Comment by Revex
11 years ago
How does something like this happen? How can you write a compiler in the language that it is supposed to be compiling?
11 years ago
How does something like this happen? How can you write a compiler in the language that it is supposed to be compiling?
TLDR: You can't write the first compiler for a language in the language. However, you can write the second compiler in the language and use the first compiler to compile it.
If you already have a compiler in the language you're compiling, you can update the compiler with new features by the following process, called "bootstrapping". This process is used in gcc for example:
1. Use the old binary version to compile the new source version.
2. Use the binary produced in step 1 to compile the new source version.
3. Use the binary provided in step 2 to compile the new source version.
The results of stages 2 and 3 should be the same (assuming the old and new compilers assign the same semantics to the compiler source code and don't have non-determinism, e.g. using wall-clock time to determine when to stop searching for optimizations).
The bootstrap process can't be used on the first compiler for a brand-new language, because there is no "old compiler" that can be used in stage 1. The only way around this is to write the first compiler in a different language that already exists.
Of course, if a self-hosted compiler is your goal, you can afford letting the very first compiler (the one written in another language) be limited, "dirty," or "hacky". You don't have to implement the entire language in the first compiler; the first compiler just has to support enough of the new language to allow you to write the second compiler.
Anyway, once you have the first compiler, you write the first version of the second compiler in whatever subset of the language the first compiler supports. Once the first compiler builds the first version of the second compiler, the first compiler is no longer needed; you can add all new features to the second compiler only.
New versions of the second compiler (perhaps supporting more language features) can now be produced by bootstrapping. Of course, you can also use the second compiler to compile a totally different compiler implementation written in the new language (this would be the third compiler for the new language).
First you solve the chicken and egg problem by writing a bootstrap compiler for the language in some other language (e.g. a C# compiler in C or C++, or a C compiler in assembly language). Then you can compile programs in the new language, and compilers are programs, so you can write a C# compiler in C# and the binary so produced will be able to compile its own source.
Most compilers I know of start with an implementation in another language and eventually write a self-hosted one. Microsoft already had compilers for .NET, though, so you just compile it with those until it's self-hosting.
Bootstrapping a compiler from nothing is harder and involves a lot of incremental steps. http://en.wikipedia.org/wiki/Bootstrapping_(compilers)
Funny you should mention that!

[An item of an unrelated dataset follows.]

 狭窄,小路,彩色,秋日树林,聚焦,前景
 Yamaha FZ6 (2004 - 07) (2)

There was a really cool article about bootstrapping a compiler nearly from scratch just the other day[1]. But yeah, most people just start with C or C++ until they can compile enough of the language to write a compiler in it.
Some other interesting contemporary examples:
I think as we speak Go is working on its plan to switch from using a compiler written in Go[2].

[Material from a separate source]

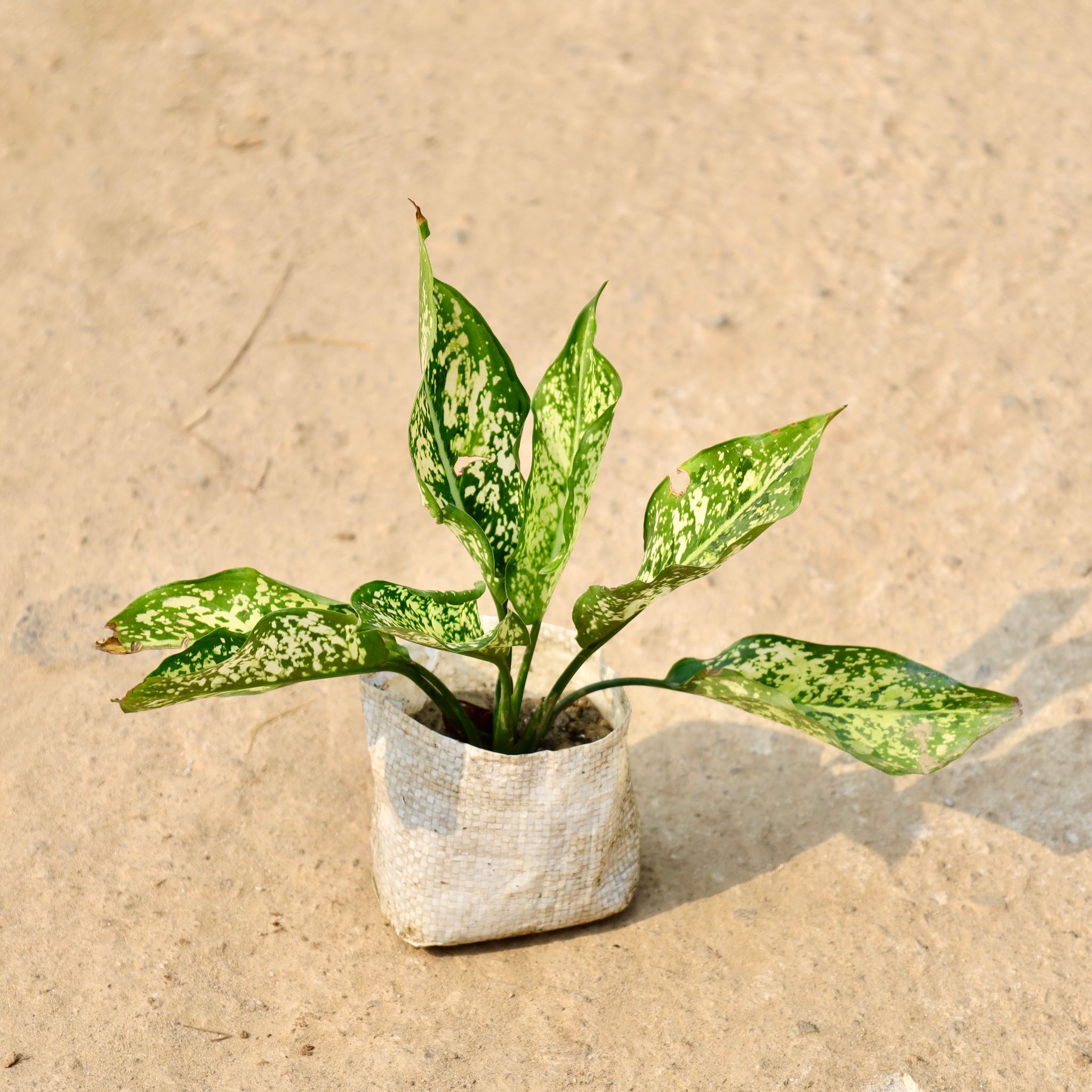 Aglaonema Snow White in 4 Inch Nursery Bag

Rust[3] has kind of a hybrid approach where the front-end of the compiler is written in rust, but generates llvm bytecode which is then compiled the rest of the way by llvm itself. It takes three "stages" for them to do a full compile, first a binary "snapshot" compiler is downloaded and used to compile the compiler (stage 0), then that generated compiler is used to compile the compiler again (stage 1), and then that generated compiler is used to compile the compiler again (stage 2). Stage 2 is actually just a test - its output should be identical to that of stage 1, and if it isn't, something went wrong.

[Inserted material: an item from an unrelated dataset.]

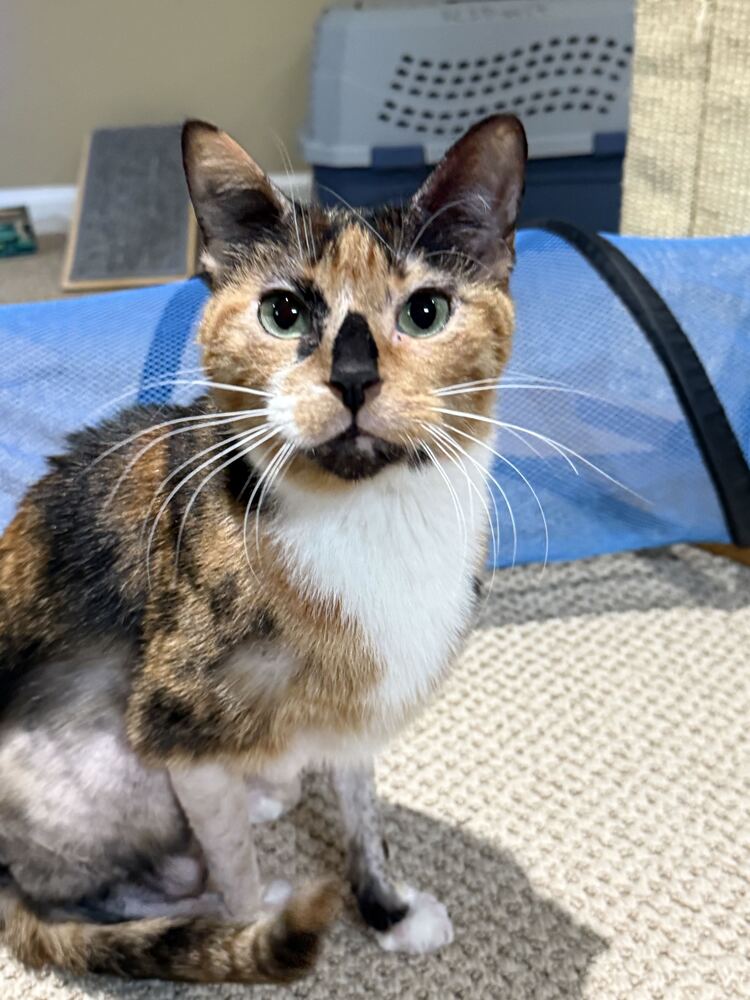 Pennie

There is a classic lecture from Ken Thompson[4] that I think is really illuminating on how this stuff works, if you're unfamiliar with it.
It's really fascinating stuff!
[1]: http://homepage.ntlworld.com/edmund.grimley-evans/bcompiler.... [2]: https://docs.google.com/document/d/1P3BLR31VA8cvLJLfMibSuTdw... [3]: http://www.rust-lang.org/ [4]: http://cm.bell-labs.com/who/ken/trust.html
They wrote the original C# compiler in a different language (probably C++) first.
Then they wrote the second C# compiler in C#, and used the first compiler to compile the second compiler. Voila!
We regularly dogfood, so we're on like N iterations of your structure, but that's the idea!
Could you ask around the office and find out some of the details about the C# bootstrap process? I would be fascinated to know what language the non-C# compiler was written in and also how long they used/improved the non-C# compiler until they switched to the C# compiler.
This source release is so cool!
2 replies →
http://en.wikipedia.org/wiki/Bootstrapping_(compilers)
This is almost second-nature in Lisp:
http://c2.com/cgi/wiki?StructureAndInterpretationOfComputerP...
And tends to happen to other languages... you just have to bootstrap the first compiler.